1. Many models of word-identification have been proposed (Brown 1991; Bullinaria 1997; McClelland & Rumelhart 1981; Paap et al. 1982; Plaut et al. 1996; Seidenberg 1989; Seidenberg & McClelland 1989) to explain how orthography maps onto phonology and/or meaning, and how this process is affected by lexical variables (e.g., normative frequency, grapheme-phoneme regularity, etc.). Unfortunately, these models are generally limited in two ways: First, the entry point into these models is usually some highly abstract orthographic representation that bears little resemblance to the features that one might expect to be encoded by the visual system (e.g., homogenous retina acuity). Second, the models are generally fit to data from paradigms other than natural reading (e.g., lexical decision latencies). The models therefore say very little about the relationships among vision, eye movements, and word identification. Two interesting exceptions to this are McClelland's (1986) programmable blackboard model of reading and Shillcock et al.'s (2000) split processing model. The former model was designed to examine how fixation locations and visual acuity restrictions affect the model's word recognition performance; similarly, the split processing model was designed to examine how bisection of the visual field (and hence words) by the two cerebral hemispheres might explain why words are identified most rapidly when they are fixated near their centers.

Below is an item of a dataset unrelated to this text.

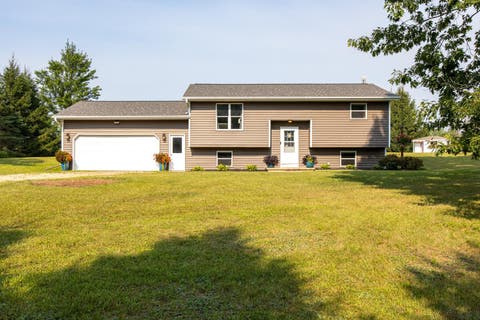 Photo of N2275 BEAN CITY Road, NEW LONDON, WI 54961 (MLS # 50330402)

2. We did not have a deep reason for choosing the name of our model. “E-Z Reader” was the name of a fictional character in a children's educational program The Electric Company in the U.S. and was clearly a spoof on the title of the movie Easy Rider.

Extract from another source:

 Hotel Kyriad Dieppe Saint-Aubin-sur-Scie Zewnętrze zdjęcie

3. Our discussion of parafoveal preview effects pertains to the processing of English. Indeed, there is some recent evidence (Deutsch et al. 2000; 2003) that indicates that, in Hebrew, morphological previews (in the form of the root morpheme, which is distributed throughout the word) provide preview benefit effects.
4. There is currently some disagreement regarding the extent to which the duration of a fixation prior to a skip is inflated. While there are reports of such an effect (Pollatsek et al. 1986; Reichle et al. 1998), others have reported null effects (Engbert et al. 2002; Radach & Heller 2000). In a very recent examination, we found effects on the order of 23 msec prior to a skip.

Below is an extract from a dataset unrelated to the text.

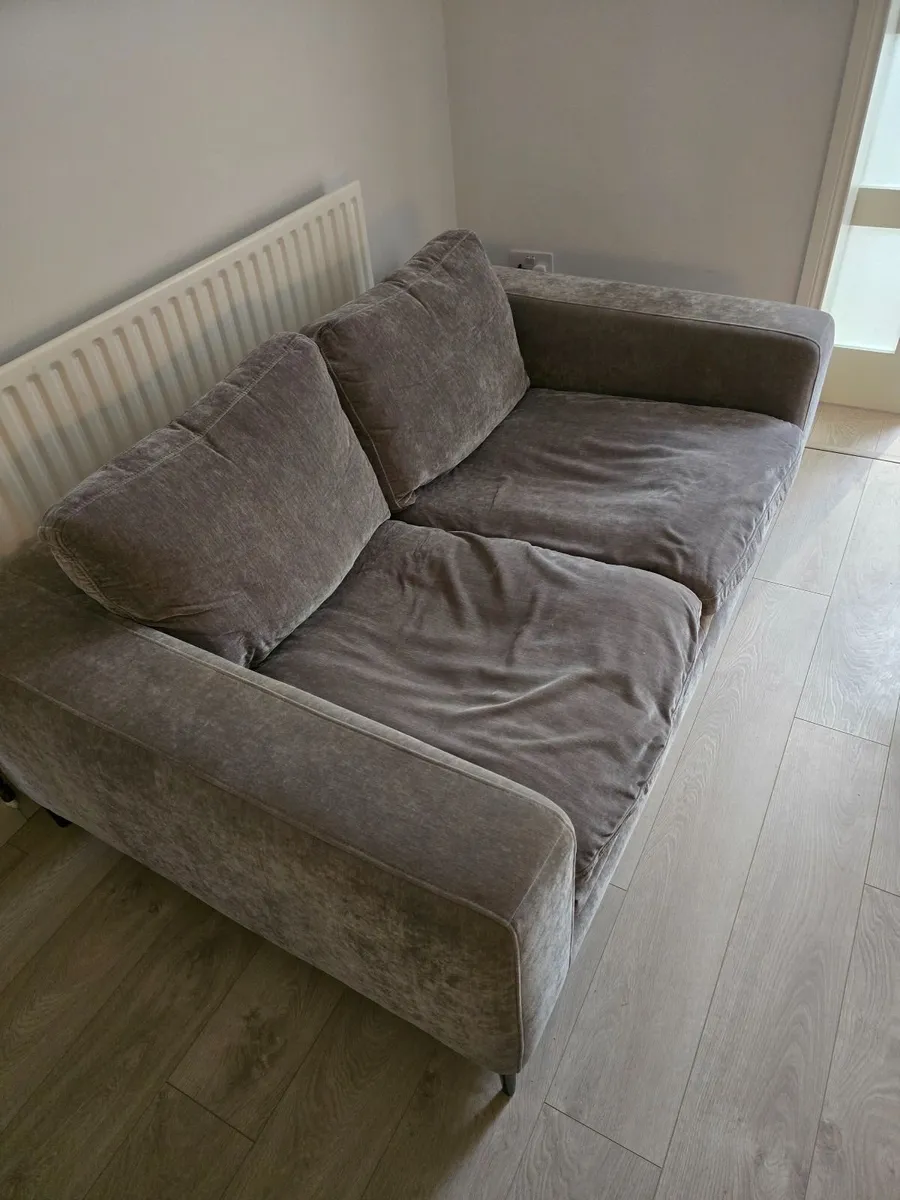EZ Living Granite 3 Seater couch - Image 3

5. There is some dispute concerning the influence of “higher order” variables on where readers fixate. For example, Lavigne et al. (2000) reported that the eyes moved further into a word when that word was both high-frequency and predictable from the prior context. However, Rayner et al. (2001) and Vonk et al. (2000) found no such effect. In addition, Underwood et al. (1990; see also Hyönä et al. 1989) reported that the eyes moved further into words when the informative part of the word was at the end of the word. But Rayner and Morris (1992) and Hyönä (1995b) were unable to replicate this finding. On the other hand, there appears to be general agreement that an orthographically irregular letter cluster at the beginning of a word results in the eyes’ initial landing position deviating toward the beginning of the word (Beauvillain & Doré 1998; Beauvillain et al. 1996; Hyönä 1995b).
6. A single set of parameter values were used in all of the simulations reported in this paper. These values were estimated by completing multiple grid-searches of the parameter's space so as to find the set that yielded the best overall fit to the Schilling et al. (1998) sentence corpus. For a complete description of our grid-search procedure, see the Appendix of Reichle et al. (1998).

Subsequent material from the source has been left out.